The invention relates generally to calibration of sensors. More specifically, the invention relates to an improved method for calibrating sensors adapted for measurement of subsurface properties.
In the oil-drilling and exploration industry, many types of sensors are used to evaluate subsurface formations traversed by a borehole, commonly referred to as well logging. Sensors measure a phenomenon that is related to a physical property of the formation, such as the density or the porosity. A particular formation property can be determined by measuring a phenomenon related to the formation property and calculating the formation property based on the relationship between the measured phenomenon and the desired formation property. In order to obtain useful information about the formation property, it is necessary to calibrate the sensor.
Calibration normalizes a raw measurement to a known reference. A sensor is used to measure a substance with known properties. The calibration measurement made by the sensor can be correlated to the known properties of the substance. This determines the relationship between the raw sensor measurement and the physical property.
One example of a sensor used in well logging is a density sensor. One type of density sensor uses a radioactive source to emit gamma rays into a formation. Some of the emitted gamma rays interact with electrons in the formation, and, through a process called Compton Scattering, are scattered back into the borehole. The density sensor includes detectors that detect gamma rays scattered back into the borehole. The number of gamma rays that scatter back into the borehole is related to the number of electrons in the formation, and the number of electrons in the formation is related to the density of the formation. Thus, the number of detected gamma rays, called the count rate, is related to the density of the formation.

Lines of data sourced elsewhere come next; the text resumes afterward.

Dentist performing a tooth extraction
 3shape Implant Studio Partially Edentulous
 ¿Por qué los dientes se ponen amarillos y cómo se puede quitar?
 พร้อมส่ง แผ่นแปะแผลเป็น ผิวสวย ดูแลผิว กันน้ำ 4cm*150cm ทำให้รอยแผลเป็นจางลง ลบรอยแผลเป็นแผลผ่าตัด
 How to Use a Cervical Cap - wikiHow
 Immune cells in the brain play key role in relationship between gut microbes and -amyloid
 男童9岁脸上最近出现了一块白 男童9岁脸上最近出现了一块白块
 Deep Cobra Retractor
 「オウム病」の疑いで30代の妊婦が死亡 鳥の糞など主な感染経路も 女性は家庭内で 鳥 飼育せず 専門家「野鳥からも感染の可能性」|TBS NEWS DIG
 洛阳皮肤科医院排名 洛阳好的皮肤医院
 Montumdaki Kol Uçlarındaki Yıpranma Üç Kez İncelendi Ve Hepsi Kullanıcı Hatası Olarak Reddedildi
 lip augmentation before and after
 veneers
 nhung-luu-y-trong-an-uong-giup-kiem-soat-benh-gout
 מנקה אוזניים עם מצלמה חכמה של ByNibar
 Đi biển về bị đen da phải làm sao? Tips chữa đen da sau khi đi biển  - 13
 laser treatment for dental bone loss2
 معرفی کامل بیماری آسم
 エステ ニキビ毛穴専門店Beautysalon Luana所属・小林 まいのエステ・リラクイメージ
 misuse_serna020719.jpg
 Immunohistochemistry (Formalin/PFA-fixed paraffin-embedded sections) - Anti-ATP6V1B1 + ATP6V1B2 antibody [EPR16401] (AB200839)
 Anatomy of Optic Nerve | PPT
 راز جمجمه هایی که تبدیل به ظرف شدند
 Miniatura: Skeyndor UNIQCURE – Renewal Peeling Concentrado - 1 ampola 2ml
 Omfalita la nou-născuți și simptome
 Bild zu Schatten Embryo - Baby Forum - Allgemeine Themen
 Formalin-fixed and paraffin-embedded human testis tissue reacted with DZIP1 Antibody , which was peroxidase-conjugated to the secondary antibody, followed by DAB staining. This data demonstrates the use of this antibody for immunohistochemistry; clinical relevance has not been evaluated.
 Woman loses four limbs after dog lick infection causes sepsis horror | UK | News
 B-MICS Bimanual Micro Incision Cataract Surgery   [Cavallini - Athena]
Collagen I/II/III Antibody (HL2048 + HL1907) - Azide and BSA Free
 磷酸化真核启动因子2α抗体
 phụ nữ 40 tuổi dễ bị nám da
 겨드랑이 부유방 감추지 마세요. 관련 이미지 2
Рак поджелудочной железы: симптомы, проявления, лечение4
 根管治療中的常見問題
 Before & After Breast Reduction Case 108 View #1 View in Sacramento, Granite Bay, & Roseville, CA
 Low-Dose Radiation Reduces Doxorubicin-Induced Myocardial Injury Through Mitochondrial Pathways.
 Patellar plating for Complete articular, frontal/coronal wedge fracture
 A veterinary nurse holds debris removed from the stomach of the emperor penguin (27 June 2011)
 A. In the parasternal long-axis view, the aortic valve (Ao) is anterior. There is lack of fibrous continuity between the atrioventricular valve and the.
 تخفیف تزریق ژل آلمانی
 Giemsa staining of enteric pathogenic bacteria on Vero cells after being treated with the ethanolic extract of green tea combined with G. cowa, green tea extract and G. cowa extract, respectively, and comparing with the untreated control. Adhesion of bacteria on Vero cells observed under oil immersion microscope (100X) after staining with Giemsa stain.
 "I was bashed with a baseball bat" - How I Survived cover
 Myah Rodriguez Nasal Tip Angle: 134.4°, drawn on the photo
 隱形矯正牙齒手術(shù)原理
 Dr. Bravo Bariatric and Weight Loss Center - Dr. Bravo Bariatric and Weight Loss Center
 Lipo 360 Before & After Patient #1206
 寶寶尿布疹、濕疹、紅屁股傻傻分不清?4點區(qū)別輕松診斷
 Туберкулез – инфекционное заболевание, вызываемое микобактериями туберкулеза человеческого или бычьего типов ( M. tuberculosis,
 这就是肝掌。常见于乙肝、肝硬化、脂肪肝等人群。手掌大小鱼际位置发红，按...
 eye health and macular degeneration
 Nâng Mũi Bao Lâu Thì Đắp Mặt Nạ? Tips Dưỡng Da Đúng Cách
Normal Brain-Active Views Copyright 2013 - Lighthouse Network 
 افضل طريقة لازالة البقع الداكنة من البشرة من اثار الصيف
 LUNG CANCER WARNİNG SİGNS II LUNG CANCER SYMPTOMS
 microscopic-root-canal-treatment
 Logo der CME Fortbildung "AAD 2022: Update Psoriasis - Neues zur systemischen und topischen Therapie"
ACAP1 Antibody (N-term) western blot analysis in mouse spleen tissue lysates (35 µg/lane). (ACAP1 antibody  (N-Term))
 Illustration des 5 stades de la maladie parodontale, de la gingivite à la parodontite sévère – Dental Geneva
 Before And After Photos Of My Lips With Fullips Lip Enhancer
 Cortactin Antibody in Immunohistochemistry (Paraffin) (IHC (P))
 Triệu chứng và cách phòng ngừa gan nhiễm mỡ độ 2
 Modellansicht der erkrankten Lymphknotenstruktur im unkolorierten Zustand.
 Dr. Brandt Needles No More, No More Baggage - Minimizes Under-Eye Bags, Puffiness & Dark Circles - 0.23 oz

Calibration is required because the number of detected gamma rays depends on more factors than the density of the formation. The count rate also depends heavily on the strength of the source and the sensor geometry. For example, it is expected that by doubling the activity of the source, i.e. changing to a source that emits twice as many gamma rays, the count rate would also double. Further, the sensor efficiency at detecting gamma rays affects the count rate. This efficiency varies from sensor to sensor. By calibrating a density sensor, the density of a formation can be precisely determined based on the count rate measured by the sensor.
Typical calibration methods are performed on a sensor before it is disposed within a borehole. Often times, these calibration methods are performed in a controlled environment away from the well site. One common method of calibrating a density sensor includes placing the sensor in water, inserting a source into the sensor, and measuring the count rate of back-scattered gamma rays. The count rate made with the sensor in water is correlated to the density of water, and the slope of the response function is assumed. This method is known in the art as a “one-point method”, because a calibration line is determined based on a single point.
FIG. 1A shows a plot of a prior art response function 101 for a density sensor with a water calibration point 102. Typical calibration methods assume the density sensor has a linear response with a known slope. With the water calibration point and an assumed slope, a sensor response function, plotted at 101, can be determined as the line with the assumed slope that intersects the water calibration point 102.
Another sensor used in well logging is a neutron sensor. A neutron sensor uses a source that emits “fast”, or high energy, neutrons into a formation. The neutrons lose energy through collisions with the atoms in the formation, becoming “thermal” or “epi-thermal” neutrons. The neutron sensor detects these neutrons that migrate back into the borehole.
The fast neutrons slow down by colliding with atoms in the formation. Hydrogen, because it has a mass similar to that of a neutron, provides much more rapid slowing of the neutrons than other atoms. Thus, the number of thermal neutrons detected in a borehole is related to the number of hydrogen atoms in the formation. Because water and hydrocarbons have similar concentrations of hydrogen (hydrogen indices), and because the rock matrix of the formation is relatively free of hydrogen, the number of thermal neutrons in the borehole is related to the amount of hydrocarbons and water in the formation. In a non-gas bearing formation, the volume fraction of water and hydrocarbons is called the porosity.
Calibration of a neutron sensor determines how the thermal neutron count rate is related to the formation porosity. One conventional method includes surrounding the neutron sensor with water and making a calibration measurement. In this type of calibration, the porosity of water is set at one.
FIG. 1B shows a prior art neutron calibration with water. The sensor is assumed to have a linear response with a known slope, and the measurement of the count rate at the water point 112 yields a response function, plotted at 111, that intersects the water point 112.